I see the benefit in a 1.6 I get a extra 15-20% mpg. I get normally 290-300 miles to a tank, with vpower I get 340/360. I tend to drive more spirited well with vpower. Don't know why. Will wait to see what nitro is like.


----------



## Trip tdi (Sep 3, 2008)

Fiesta-125 said:


> I see the benefit in a 1.6 I get a extra 15-20% mpg. I get normally 290-300 miles to a tank, with vpower I get 340/360. I tend to drive more spirited well with vpower. Don't know why. Will wait to see what nitro is like.


That is a big jump from the MPG there, which I could gain that much 
I have tried alot of fuels in my car and the only one that gives me extra mpg is BP Ultimate, only by 15 to 20 miles extra, nothing more but the power is the same as well so stick with shell, esso and texoco in mine.
Although when I place the millers additive in the tank the car does behave more smoother through the rev range, but the mpg is the same as before.
What I normally do is place some additives in the tank from time to time and give the car a good solid blast out on the open road, a long journey for 2 to 3 hours and I find this decokes some of the carbon out.


----------



## Avanti (Jan 17, 2006)

Fiesta-125 said:


> I leave this thread for an hour and it turns into a v power is a con, how much mpg you get and how big is your Dick contest


As mentioned not every car will benefit from it.



Trip tdi said:


> I would not say it a con, some will see the benefit some will not; not to sure where you are getting the Dick contest from
> For example, when you place a high octane premium fuel in a 1.2 litre car you will not see the benefit, but place it a in a subaru impreza you will see better gains straight away or a supra that is tuned to over 500 bhp for example, high powered turbo cars see the most benefit from these fuels; but you need to place the fuel number of times so the car's ecu can adjust from the fuel intervals; when you place high octane fuel you stick to it to get the maximum benefits and timing.

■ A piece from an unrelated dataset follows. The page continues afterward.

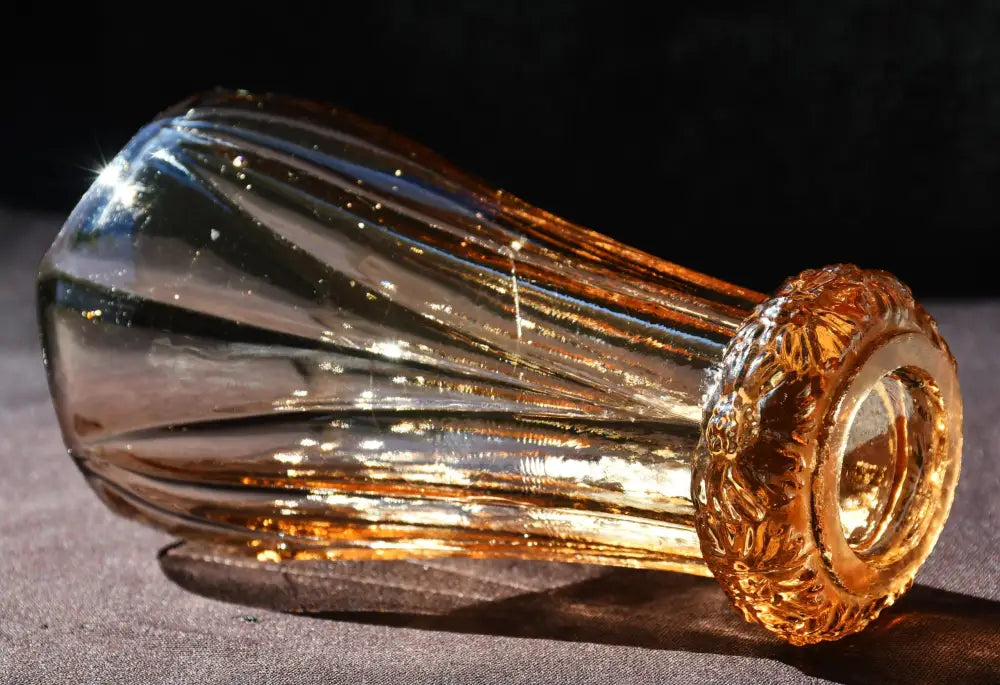 Ваза Art Deco в стила на Kurt Schlevogt - antique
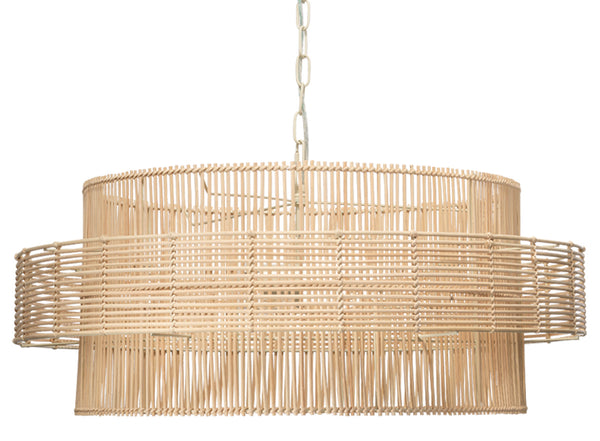 Jamie Young Concentric Pendant Chandelier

My car is not 500bhp but yes your example should clarify to the poster above. The benefits are not quite night and day, but less gear changing or need to thrash the car is noticiable where the vehicle will benefit from the fuel. 2 or 3 mpg maybe evident around town but the offset is the fuel costs more anyway.


----------



## The Cueball (Feb 8, 2007)

I would argue that every car will benefit from using better fuel... even if it's only for their better "cleaning" properties...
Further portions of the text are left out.